### Requirement
Exact copy, no pictures: repeat the data that follows.
======== Dataset excerpt ========
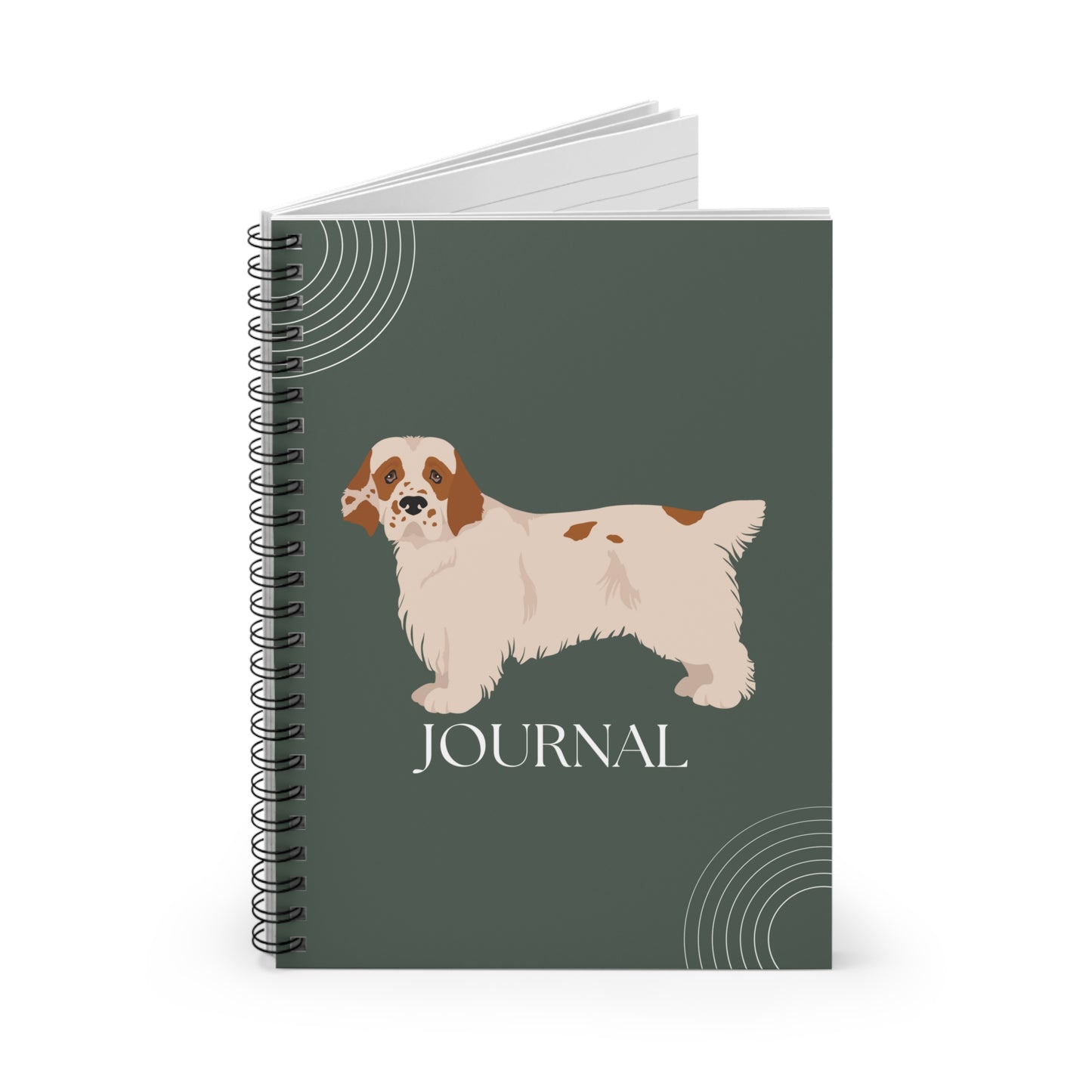 Clumber Spaniel College Ruled Spiral Notebook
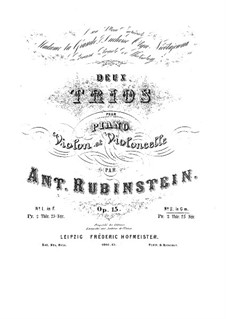 Piano Trio No.2 in G Minor, Op.15: Full score by Anton Rubinstein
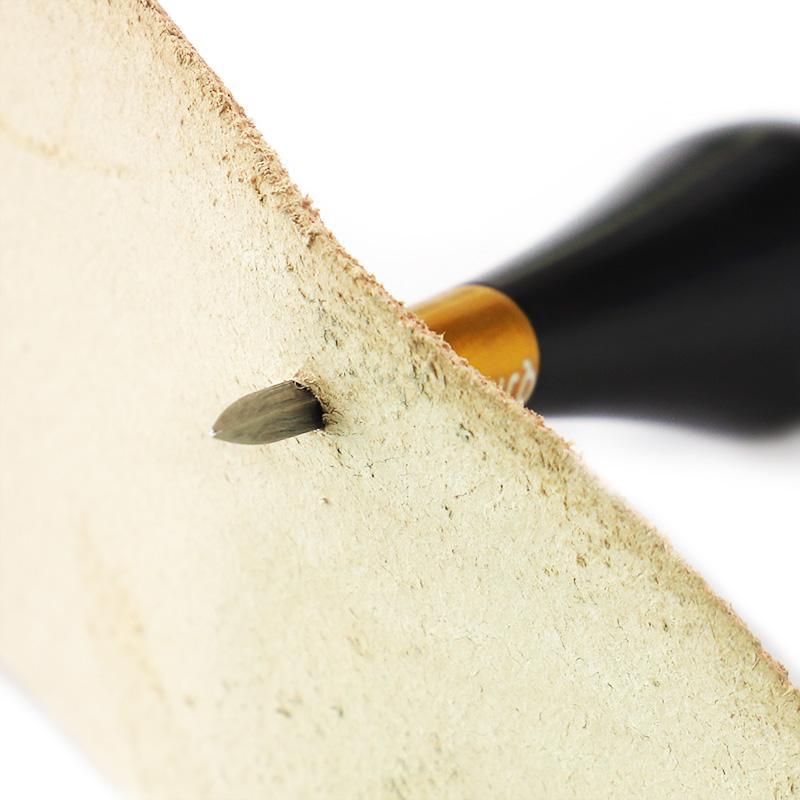 1pc Handmade DIY Leather Hole Punch Awl Tool,  Black Handle Diamond Chopping Puncher, Leather Perforation Sewing Craftwork Tool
========
### Output for this task
 Clumber Spaniel College Ruled Spiral Notebook
 Piano Trio No.2 in G Minor, Op.15: Full score by Anton Rubinstein
 1pc Handmade DIY Leather Hole Punch Awl Tool,  Black Handle Diamond Chopping Puncher, Leather Perforation Sewing Craftwork Tool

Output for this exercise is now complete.